For an example of this, check the registration and login pages in `WebApp.Web`. For example, `Register.cshtml` contains the registration form, while `Register.cshtml.cs` contains the code-behind. Both have references to repository instances, which have access to the DB directly.

## A Separate REST API?

If you think you may need to scale up your front-ends and/or back-ends individually, or if you simply prefer a cleaner separation of concerns, you can put your business logic inside the `WebApp.Api` project. This project deploys as a separate (back-end) container, while `WenApp.web` becomes the front-end container.

For an example of this, check the `HealthCheck.cshtml.cs` page. It uses `HttpClient` to make a call to the API to fetch the API's status.

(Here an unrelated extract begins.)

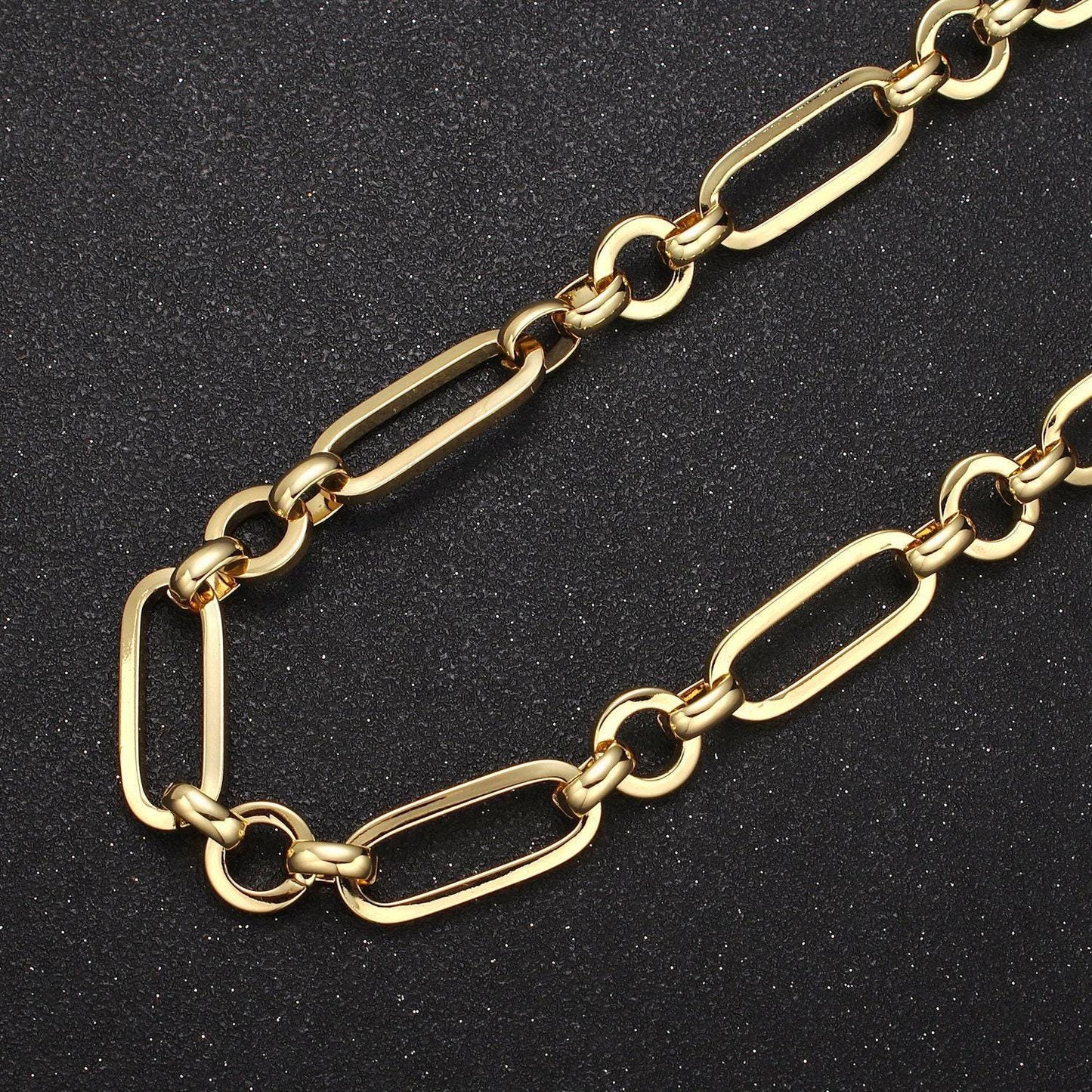 24k gold filled elongated unique paperclip chain by yard, rolo cable link thick 5-7mm, wholesale bulk roll chain for jewelry making, 641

# Running the App via Docker

To run the application via Docker (TODO: update this with two-container instructions):

- From a shell, `cd` into `scripts` and run `python .\build_docker_image.py`
- When the process drops you in the docker container, type `exit`
- Run `docker compose up` to start the app and map port 8080 from the container to port 80 on the host (your PC)
- Open a new browser window and browse to `localhost:80`

Note that we're using SQLite for data:
- The database isn't high-performance, but it works, even with migrations
- The database exists as a file on disk (`prod.db` in the docker container under `./WebApp.Web`)
- The DB file seems to persist even after building a new version of the same image

To import the locally-built image into prod:

- From `scripts` run `python export_docker_image.py`
- On the prod machine, run `docker load -i latest_image.tar`
- Run the image in a container with the script `deploy.py` from `scripts`

Open a browser and browse to `http://localhost:80`. Tada!

Note that we currently use SQLite, to simplify deployment. The DB file persists even when you update the image, as long as you run it in the same container.